I have had A-typical face pain/TN2 for 14 yrs now. In the beginning it was just a constant toothache (those were the good old days), then it gradually worked it's way up and down my face, and then eventually covered the entire right side of my head. TN2 is commonly known for continuously getting worse with time non stop. In the beginning I could survive without medication (not that I chose to), but for the past 7 yrs the pain has been at a point that there's absolutely no possible way that I could survive without medication. I would be forced to do what WE are so well known for. Even with medication, life is consumed by this condition. So far no brain surgeon will touch me because no one has ever been able to see anything through any MRI's. That's common for TN2. So I would so love to hear if anyone has ever been able to make progress in their life with TN2 with something besides medication. Thank You so much for your input!!!!

Mj I am so sorry you are having such a tough time! I still struggle also but since nov.27th -14 I am slowing getting better.I was ready to end my life after 25 years of this monster I was done.I ended up going public after Sfbill ( a member here) said I may half to. I listened to him and ended up front page news in our city. What a blessing! A brilliant,kind,caring man found my article, emailed the also a good caring man, the editor of the enquirer that did my story offered to send me a cream he made for a friend of his mom called GALLIXA, amazing stuff who would think just putting on a cream could help so much of the constant burning, boring, aching, thobbing, and more.We know what works for one doesn’t always help another.I know it helps way more then tn!! Some on here do use it and says it does help I know one that said it didn’t. I say it can’t hurt to try. Today I should be in a corner in pain sobbing, because of the weather,I’m not! It’s not a good day but I can handle it.I will go read the rest of your journey with tn, but would love to chat. Just in this post you sounde so much like myself as far as the type of pain you have.I would be so happy to talk to you if you would like public or private my life is all out there!!! (LOL) Your in my thoughts, dawn

MJ, are you able to email Dr. Casey about your condition? I seem to remember in one of his videos him speaking of so many neurologists not seeing the compression but them not really knowing what to look for (sorry, I know I am not saying this correctly). Anyways, the gist was that it is so subtle sometimes that it is missed. I also have TN2 and it has been progressive. MVD can help TN2 patients. We just do not have as good a chance of success. Obviously, the skill of the surgeon comes into play. imo, if I were to have someone cut into my skull I would want it to be the best or one of the best surgeons in the country. Best of luck!

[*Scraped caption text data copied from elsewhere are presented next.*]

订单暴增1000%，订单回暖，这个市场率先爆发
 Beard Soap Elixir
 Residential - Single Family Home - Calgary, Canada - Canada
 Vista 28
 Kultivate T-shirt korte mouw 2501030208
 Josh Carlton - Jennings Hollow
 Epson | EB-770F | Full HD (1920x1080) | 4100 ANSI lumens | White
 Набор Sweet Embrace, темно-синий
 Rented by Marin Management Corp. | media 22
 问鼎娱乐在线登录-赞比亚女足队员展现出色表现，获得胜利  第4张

I have had two glycerol injections. The first kept the pain away for over 30 years with slight numbness in my face. The second injection was 2003. The pain has returned and is now in my left cheek and is bearable. Recently the pain has moved up to the temple. It so far is bearable. I saw my neurologist yesterday, Dr. Steven Haines, at the University of Minnesota - Now called M Health. He no longer does the glycerol injections and highly recommends the MVD procedure. He has perfected this, I believe and says there are rarely complications. He also has stopped spinal fluid leakage by taking a small amount of fat from patient's stomach and inserting it into the incision when the procedure is finished. Medications have not worked for me. When the pain becomes worse I will have the MVD surgery. Dr. Haines is a competent surgeon and I trust his judgement.

another comment - nothing can be determined with an MRI - this is only given to rule out brain tumors, etc. The trigeminal nerve does not appear.